◆ **Records**

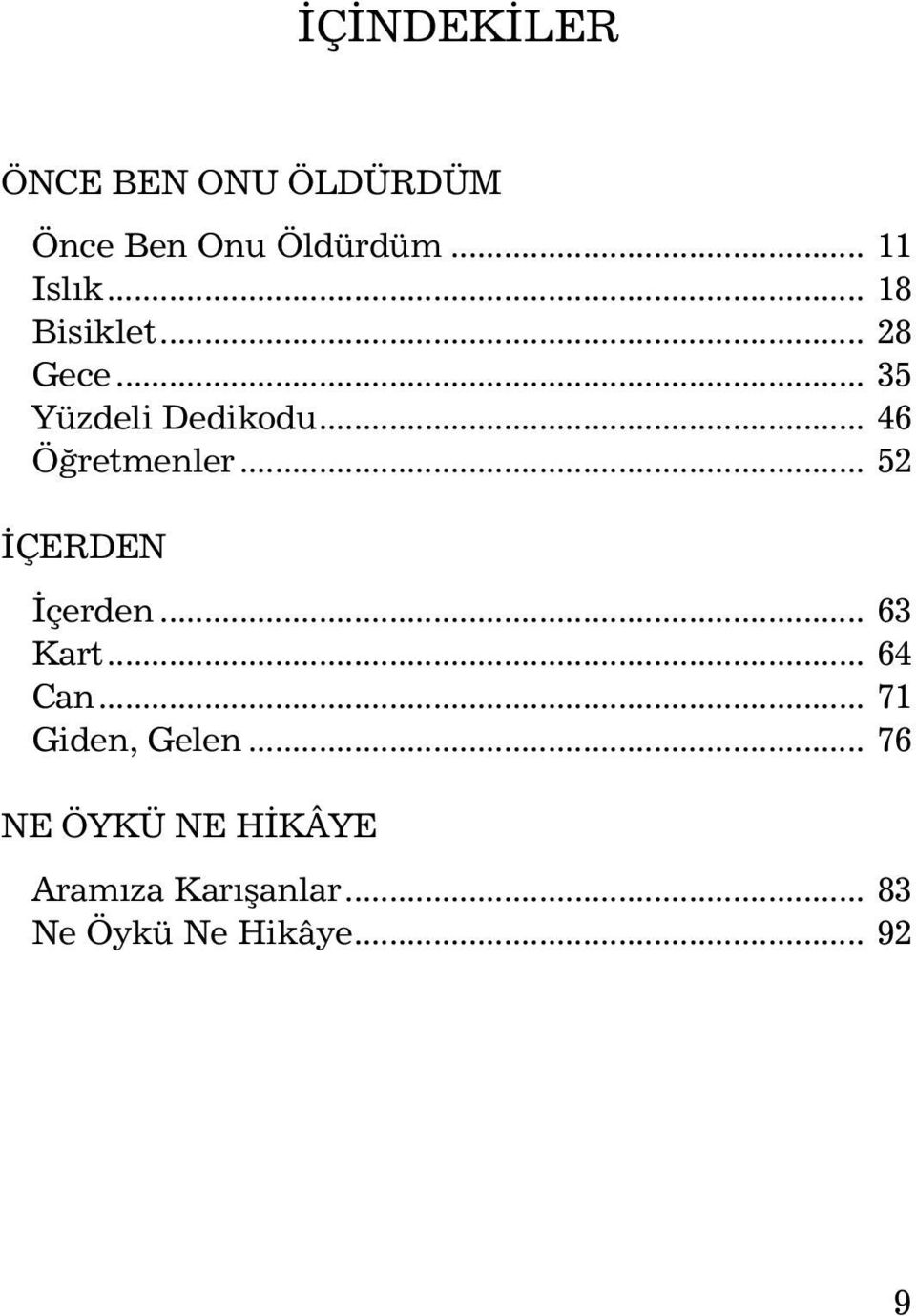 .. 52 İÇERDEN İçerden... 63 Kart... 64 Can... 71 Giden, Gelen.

...

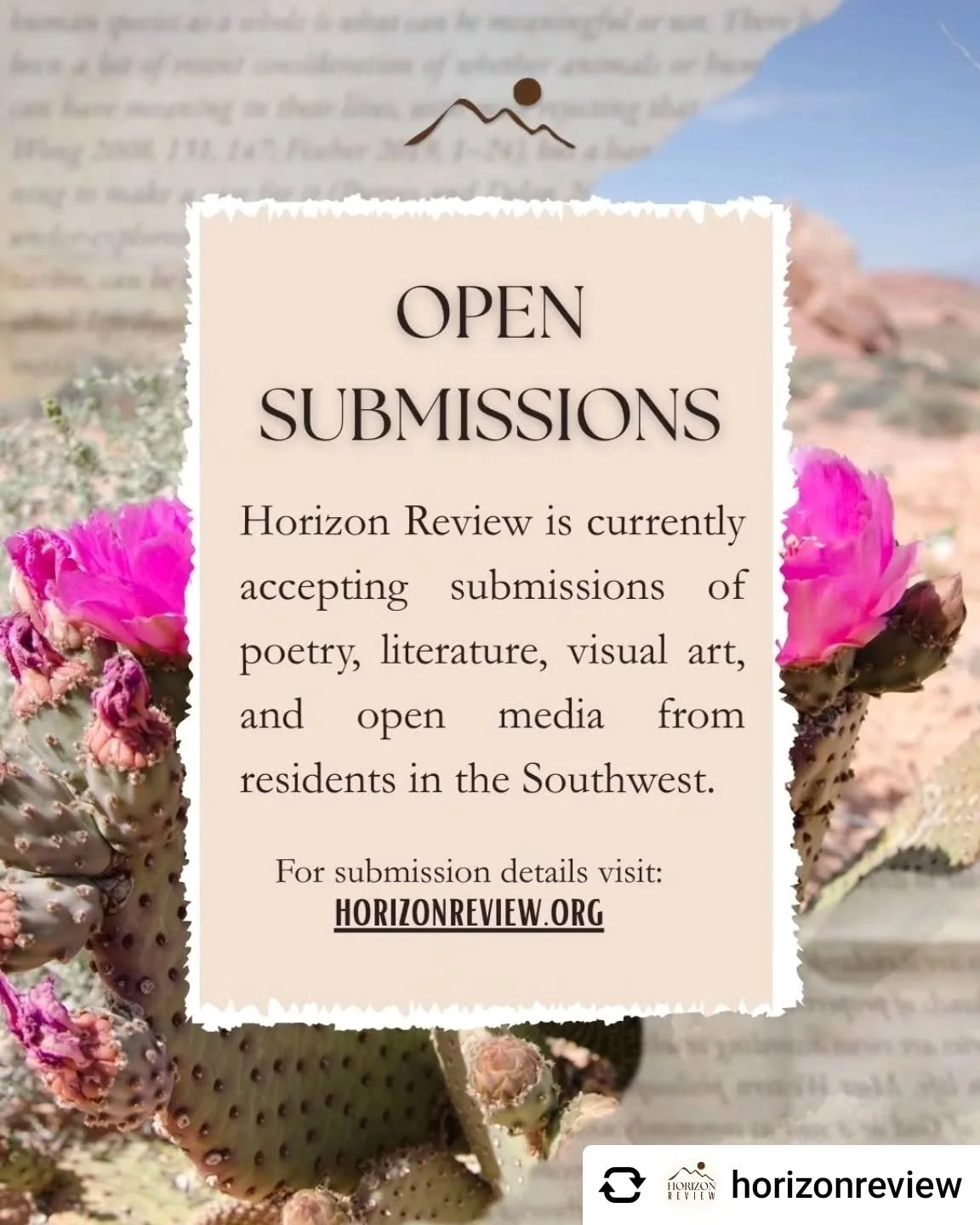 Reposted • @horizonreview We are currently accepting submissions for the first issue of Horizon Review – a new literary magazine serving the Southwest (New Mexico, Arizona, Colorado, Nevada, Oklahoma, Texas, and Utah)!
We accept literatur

◆ **Task directions**
Within the listing above, the stretch from the line with "Reposted • @horizonreview" down to the line with "We accept literatur" is to be given again exactly, end lines included and pictures excluded.

◆ **Written solution**
 Reposted • @horizonreview We are currently accepting submissions for the first issue of Horizon Review – a new literary magazine serving the Southwest (New Mexico, Arizona, Colorado, Nevada, Oklahoma, Texas, and Utah)!
We accept literatur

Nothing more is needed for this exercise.